Figure 2: Ruminant livestock like cattle and sheep form a complimentary partnership with ecosystem functions when managed holistically. Photo Patrick Francis.
- Livestock ownership is also the most frequent form of private ownership of assets in the world and forms the basis of rural community financial capital. In some communities, livestock is one of the few assets that women can own, and is an entry point towards gender equality.
- Policy recommendations need to be based on clear, scientific evidence and must not ignore the protections against nutritional deficiencies afforded by animal sourced foods
- Dramatic reductions in livestock numbers would heavily impact poorer countries. At least half a billion people around the globe are “totally dependent on livestock” for their livelihoods.
“Livestock is the millennial-long-proven method to create healthy nutrition and secure livelihoods, a wisdom deeply embedded in cultural values everywhere,” the Dublin Declaration states.
“Sustainable livestock will also provide solutions for the additional challenge of today, to stay within the safe operating zone of planet Earth’s boundaries, the only Earth we have.”
Many who spoke at the summit over the two days called for the “polarised” and “binary” nature of public discussions around meat and livestock to end.
Figure 3: The call “…for a fully vegan world” by the UK charity Veganuary demonstrates the polarised nature of public discussion around meat and livestock. Source: Veganuary.
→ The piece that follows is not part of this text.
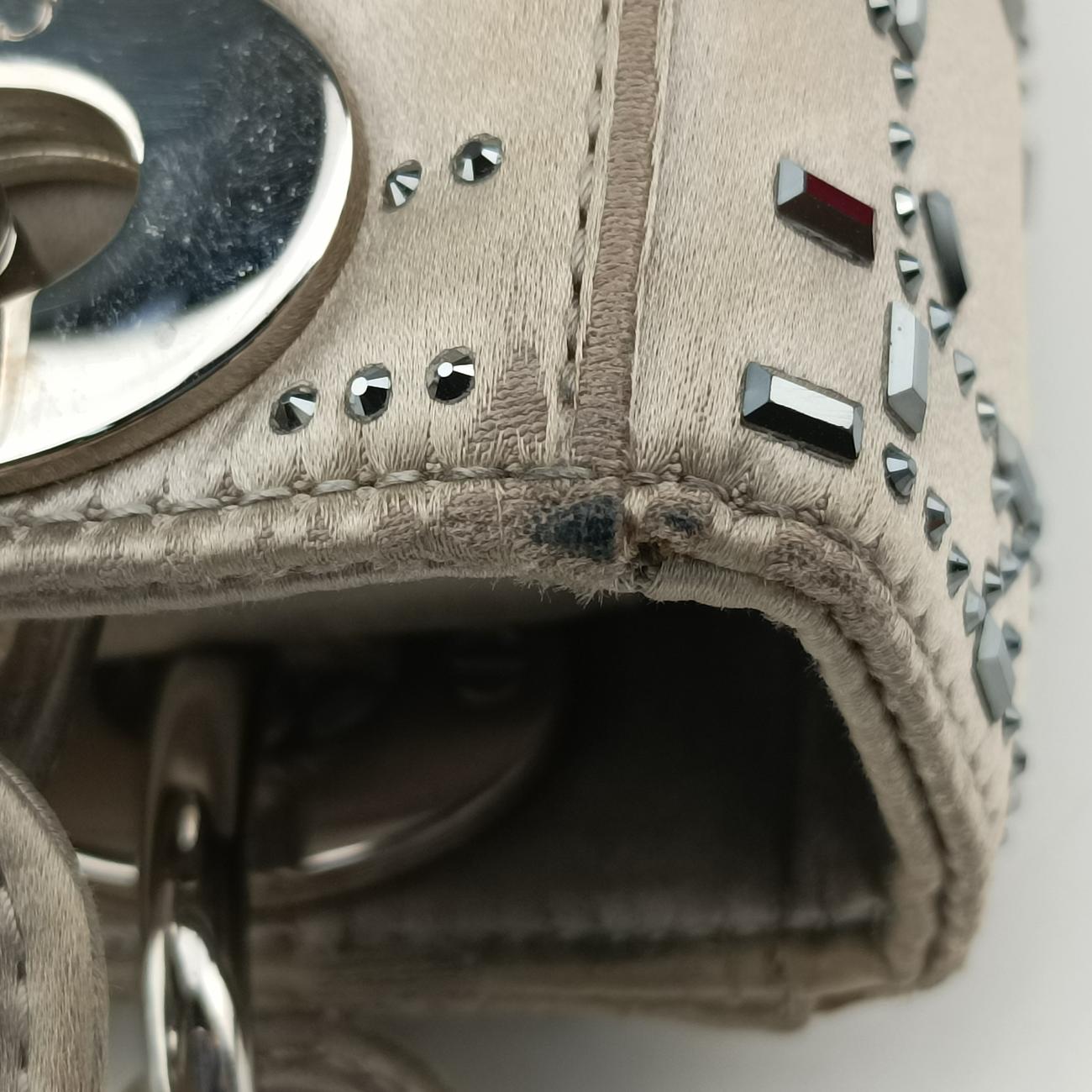 Satin Crystal Cannage Mini Lady Dior Grey satin 02-MA-1118サテンクリスタル カナージュ ミニ レディ ディオール グレー サテン 02-MA-1118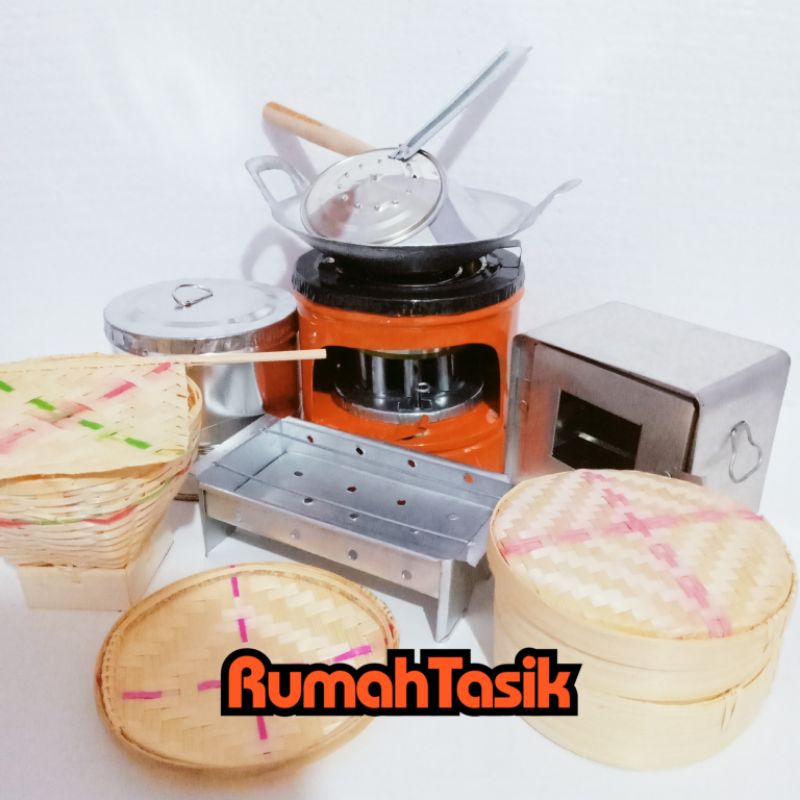 Rumah Tasik Mainan Masak Masakan Set Mainan Kitchen Set Kompor Mini Paket Bakulset Bakaran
Ireland’s Minister of State at the Department of Agriculture, Martin Heydon, noted in his opening remarks that “so much of what we see and read and consume has been “boiled down into sound bites that have been very much simplified”.
It has never been more important to move forward with an accurate and scientific understanding of meat’s role in society, he said.
“Consumers need to trust their food and where it comes from.
“And where does that trust from? It comes from science.”
Professor Frank O’Mara, the director of Ireland’s agricultural research and development organisation Teagasc, which hosted the summit, said the role of livestock has never been questioned as much as it is being now.
“We all understand and get that we need to have a very sustainable system of agriculture,” he said.
“The point we would make is you can’t have a sustainable and properly function food system without livestock being part of that, because of the circular process of crop production and animal production.
“So we certainly need livestock to be part of the food system to feed the 10 billion people we will have on this planet shortly, and do it in a sustainable manner.”
“When there is fog around, the one thing that helps clear the fog is evidence-based information,” he said.
Figure 4: Meat must be part of the world population’s food mix if demand is to be met. Source: Global Harvest.
South African farmer and former president of the World Farmers Organisation, Dr Theo de Jager, said farmers needed to be part of the global conversation: “Farmers are the ones who everyone is talking about but no one is talking to,” he said.
About 200 people attended the summit including scientists, agricultural representatives and policy-makers from around the world, including around a dozen from Australia.
It was two years in the making and was coordinated by a committee comprising Peer Ederer, Founder, GOALSciences, Switzerland; Frédéric Leroy, Professor, Vrije Universiteit Brussel, Belgium; Rod Polkinghorne, CEO, Birkenwood International, Australia; Graham Gardner, Professor, Murdoch University, Australia; Collette Kaster, CEO, American Meat Science Association, USA; Mohammad Koohmaraie, President, Meat Division, IEH Laboratories and Consulting Group, USA and Declan Troy, Assistant Director of Research, Teagasc, Ireland.
Full outcomes and evidence from the two-day International Summit on the Societal Role of Meat will be published in a special addition of the Animal Frontiers in March 2023.